Arrêt du 14 mars 2018  
 
Ire Cour de droit public  
 
Composition 
MM. les Juges fédéraux Merkli, Président, 
Eusebio et Chaix. 
Greffier : M. Kurz. 
 
Participants à la procédure 
 A.________, représentée par 
Me Corinne Corminboeuf Harari, avocate, 
recourante, 
 
contre  
 
Ministère public de la République et canton de Genève, route de Chancy 6B, 1213 Petit-Lancy, 
 
Objet 
Procédure pénale; accès au dossier et participation aux actes d'instruction par la partie plaignante, 
 
recours contre l'arrêt de la Cour de justice de la République et canton de Genève, Chambre pénale de recours, du 6 novembre 2017 (ACPR/755/2017). 
 
 
Faits :  
 
A.   
Par décision du 16 mars 2017, le Ministère public du canton de Genève a admis la République de Guinée comme partie plaignante (sans accès au dossier ni participation aux actes d'instruction à ce stade) dans la procédure pénale ouverte en 2013 contre B.________, A.________ et C.________, pour de prétendus actes de corruption en lien avec l'octroi de droits miniers en Guinée. Cette décision a été confirmée successivement par la Chambre pénale de recours de la Cour de justice genevoise et par le Tribunal fédéral (arrêt 1B_261/2017 du 17 octobre 2017), sur recours de C.________. 

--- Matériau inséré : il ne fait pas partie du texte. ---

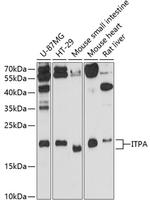 ITPA Antibody in Western Blot (WB)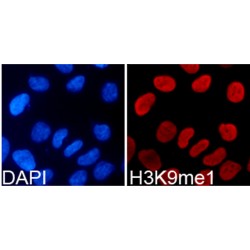 Histone H3K9me1 Antibody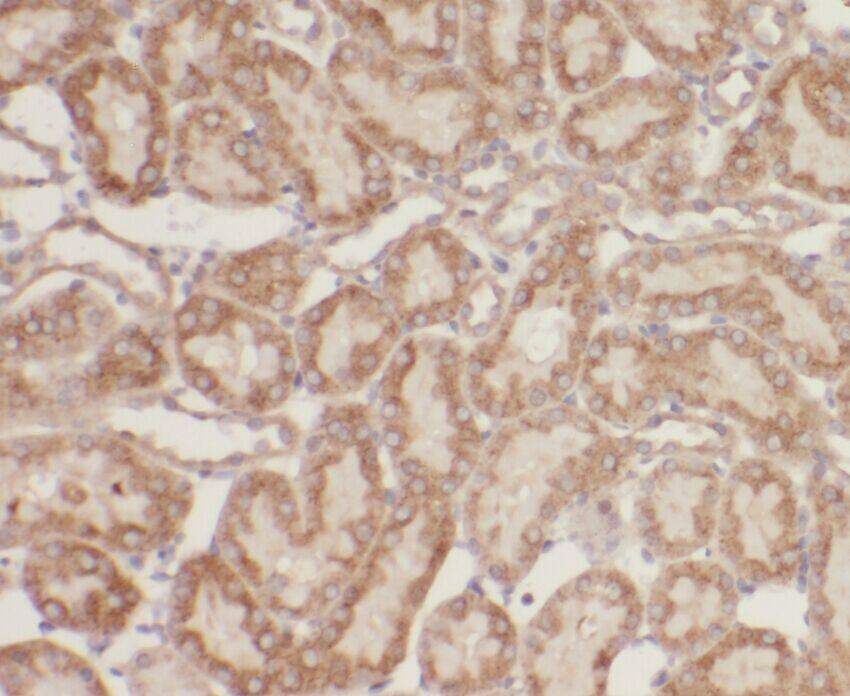 Immunohistochemistry: ZBTB20 Antibody - BSA Free [NBP3-45522] - Immunohistochemistry of paraffin-embedded human kidney tissue slide using (ZBTB20 Antibody) at dilution of 1:50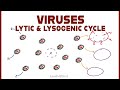 Lytic and Lysogenic Cycles of Virus Replication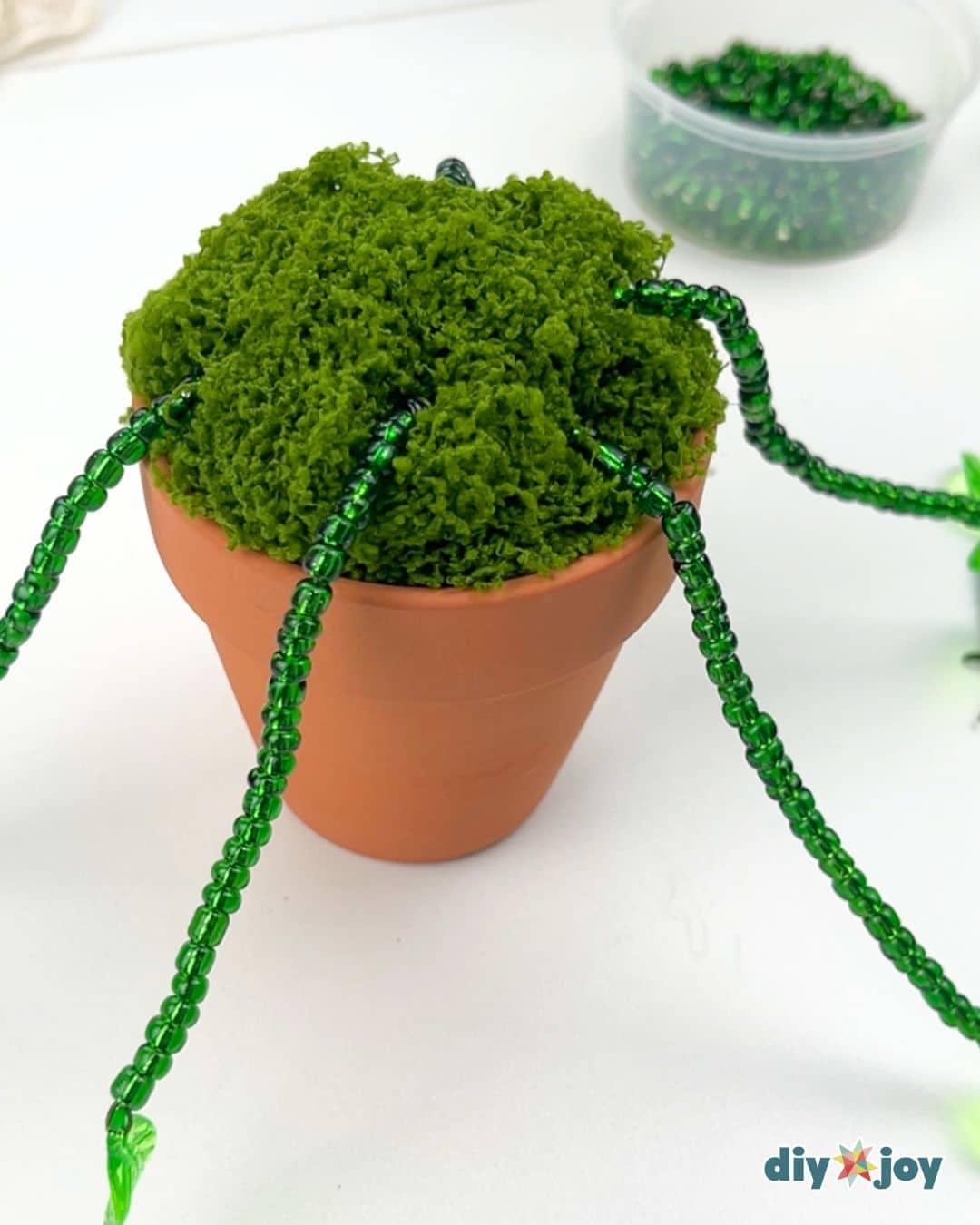Viral Beaded Plant — add the long stems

Par décision du 18 août 2017, le Ministère public a accordé à la République de Guinée le droit d'accéder à la procédure et de participer aux actes d'instruction. Les autorités guinéennes avaient requis l'entraide judiciaire de la Suisse mais y avaient renoncé dès lors que l'enquête était arrivée à son terme. La République de Guinée s'était en outre engagée à ne pas utiliser, directement ou non, les informations qu'elle obtiendrait en qualité de partie plaignante. 
 
B.   
Par arrêt du 6 novembre 2017, la Chambre pénale de recours a rejeté les recours formés par les prévenus contre cette décision. La qualité de partie plaignante de la République de Guinée avait été confirmée par le Tribunal fédéral et, dans ce contexte, les arguments concernant le risque de transmission ou d'utilisation des éléments obtenus dans la procédure pénale avaient été considérés comme hypothétiques. L'engagement fourni par l'Etat guinéen était suffisant pour exclure un contournement des règles de l'entraide judiciaire. 
 
C.   
Agissant par la voie du recours en matière pénale, A.________ demande au Tribunal fédéral d'annuler l'arrêt cantonal et de refuser à la République de Guinée l'accès à la procédure et la participation aux actes d'instruction, subsidiairement de renvoyer la cause à la cour cantonale pour nouvelle décision dans le sens des considérants. Elle demande l'effet suspensif, qui a été accordé par ordonnance du 21 décembre 2017. 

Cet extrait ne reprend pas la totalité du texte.